According to Amnesty International’s 2020 death penalty report, more than two-thirds of the world has now abolished the death penalty in law or practice.
A total of 108 countries have completely abolished the death penalty for all crimes, 28 countries have effectively abolished the death penalty by not executing anyone over the past 10 years and 55 countries still retain the death penalty for ordinary crimes.
At least 483 people were known to have been executed in 2020, the lowest figure that Amnesty International has recorded over the past decade. Executions in 2020 fell by 26 percent compared with 2019, when 657 were registered; and by 70 percent from the peak of 1,634 executions reported by the international human rights group in 2015.
Four countries – Iran (at least 246), Egypt (at least 107), Iraq (at least 45) and Saudi Arabia (27) – accounted for 88 percent of all known executions in 2020.
The recorded global totals do not include the thousands of executions that Amnesty International believed were carried out in China, where data on the death penalty is classified as a state secret.
Amnesty International recorded that 16 women were among the 483 people known to have been executed in 2020. Cornell Center on the Death Penalty Worldwide estimates that at least 800 women have been sentenced to death around the world.

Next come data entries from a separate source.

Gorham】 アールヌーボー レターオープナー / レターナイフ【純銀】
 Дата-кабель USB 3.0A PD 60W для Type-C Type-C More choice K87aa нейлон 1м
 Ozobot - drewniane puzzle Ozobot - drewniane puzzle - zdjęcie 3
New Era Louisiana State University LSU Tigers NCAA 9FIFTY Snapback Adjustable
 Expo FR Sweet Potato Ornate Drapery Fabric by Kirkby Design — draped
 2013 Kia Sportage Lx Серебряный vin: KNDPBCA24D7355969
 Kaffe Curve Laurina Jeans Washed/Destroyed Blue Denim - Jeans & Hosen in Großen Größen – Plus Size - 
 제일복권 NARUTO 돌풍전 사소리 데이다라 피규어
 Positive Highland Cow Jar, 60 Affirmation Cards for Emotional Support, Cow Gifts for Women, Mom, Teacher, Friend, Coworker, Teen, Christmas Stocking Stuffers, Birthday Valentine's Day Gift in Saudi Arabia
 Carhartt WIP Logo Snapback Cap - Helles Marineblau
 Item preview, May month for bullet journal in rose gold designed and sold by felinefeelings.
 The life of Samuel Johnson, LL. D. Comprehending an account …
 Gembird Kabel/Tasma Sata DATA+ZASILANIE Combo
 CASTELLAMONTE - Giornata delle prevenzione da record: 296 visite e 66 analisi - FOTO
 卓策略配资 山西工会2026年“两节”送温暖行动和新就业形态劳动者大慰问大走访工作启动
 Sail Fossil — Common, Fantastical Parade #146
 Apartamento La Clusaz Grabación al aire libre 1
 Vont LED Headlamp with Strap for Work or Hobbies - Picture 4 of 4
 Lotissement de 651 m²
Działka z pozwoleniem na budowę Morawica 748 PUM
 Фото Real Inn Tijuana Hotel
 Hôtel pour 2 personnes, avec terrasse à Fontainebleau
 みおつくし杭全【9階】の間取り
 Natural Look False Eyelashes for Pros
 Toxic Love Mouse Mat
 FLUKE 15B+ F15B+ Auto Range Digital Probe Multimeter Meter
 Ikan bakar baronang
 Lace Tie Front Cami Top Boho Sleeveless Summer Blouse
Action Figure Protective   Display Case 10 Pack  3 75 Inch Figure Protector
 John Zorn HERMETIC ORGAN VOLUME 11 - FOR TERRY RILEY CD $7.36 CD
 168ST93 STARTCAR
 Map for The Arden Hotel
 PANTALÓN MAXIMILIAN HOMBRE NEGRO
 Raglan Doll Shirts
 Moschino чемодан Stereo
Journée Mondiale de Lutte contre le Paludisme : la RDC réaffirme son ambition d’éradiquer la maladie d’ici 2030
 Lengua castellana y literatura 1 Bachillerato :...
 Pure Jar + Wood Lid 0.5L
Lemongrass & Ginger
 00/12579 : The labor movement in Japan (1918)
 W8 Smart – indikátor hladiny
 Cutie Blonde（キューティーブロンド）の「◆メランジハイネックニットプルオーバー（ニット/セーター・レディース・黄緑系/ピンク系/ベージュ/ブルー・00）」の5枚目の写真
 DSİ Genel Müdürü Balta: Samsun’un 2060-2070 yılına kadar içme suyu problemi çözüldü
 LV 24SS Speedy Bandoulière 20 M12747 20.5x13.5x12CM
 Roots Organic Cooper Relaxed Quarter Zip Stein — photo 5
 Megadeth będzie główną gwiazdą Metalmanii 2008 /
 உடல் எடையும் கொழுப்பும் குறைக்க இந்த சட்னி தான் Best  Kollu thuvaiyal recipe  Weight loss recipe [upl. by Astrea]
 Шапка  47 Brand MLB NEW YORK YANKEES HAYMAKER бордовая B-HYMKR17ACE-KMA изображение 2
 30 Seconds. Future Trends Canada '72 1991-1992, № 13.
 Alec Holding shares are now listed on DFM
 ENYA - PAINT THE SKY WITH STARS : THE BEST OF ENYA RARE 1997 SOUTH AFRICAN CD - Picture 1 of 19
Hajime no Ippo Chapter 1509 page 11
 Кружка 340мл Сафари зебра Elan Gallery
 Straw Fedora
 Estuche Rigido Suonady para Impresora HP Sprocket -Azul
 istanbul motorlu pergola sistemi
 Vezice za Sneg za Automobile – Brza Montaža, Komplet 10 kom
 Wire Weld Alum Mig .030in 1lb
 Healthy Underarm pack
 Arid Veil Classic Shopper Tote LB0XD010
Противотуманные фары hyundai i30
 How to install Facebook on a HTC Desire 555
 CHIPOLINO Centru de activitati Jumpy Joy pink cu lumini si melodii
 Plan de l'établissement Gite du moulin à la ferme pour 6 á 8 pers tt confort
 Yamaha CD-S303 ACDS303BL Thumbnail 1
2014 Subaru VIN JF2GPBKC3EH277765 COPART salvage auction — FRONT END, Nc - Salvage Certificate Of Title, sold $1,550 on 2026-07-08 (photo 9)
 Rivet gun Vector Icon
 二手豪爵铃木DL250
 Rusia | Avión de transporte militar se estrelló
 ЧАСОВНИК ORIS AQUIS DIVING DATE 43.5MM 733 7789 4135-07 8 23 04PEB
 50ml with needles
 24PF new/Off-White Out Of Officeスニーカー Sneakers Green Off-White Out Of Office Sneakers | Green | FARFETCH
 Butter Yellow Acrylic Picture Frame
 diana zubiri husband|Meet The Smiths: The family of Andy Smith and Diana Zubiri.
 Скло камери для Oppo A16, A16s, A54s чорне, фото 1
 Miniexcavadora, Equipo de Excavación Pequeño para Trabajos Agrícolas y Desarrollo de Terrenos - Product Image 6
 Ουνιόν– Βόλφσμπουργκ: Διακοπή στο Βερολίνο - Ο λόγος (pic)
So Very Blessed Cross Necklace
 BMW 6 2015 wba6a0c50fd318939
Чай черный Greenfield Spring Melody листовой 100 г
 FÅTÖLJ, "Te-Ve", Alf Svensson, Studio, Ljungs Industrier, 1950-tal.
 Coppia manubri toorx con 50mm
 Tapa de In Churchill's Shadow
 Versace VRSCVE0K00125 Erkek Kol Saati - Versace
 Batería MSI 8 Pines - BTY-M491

Five different methods of execution were used in 2020. The most common methods were hanging and shooting, which were used in 15 different countries.
Lethal injection is the most widely used method of execution in the United States, but some states authorise other methods, including electrocution, gas chamber, hanging and firing squad. Beheading with a sword is the predominant form of execution in Saudi Arabia.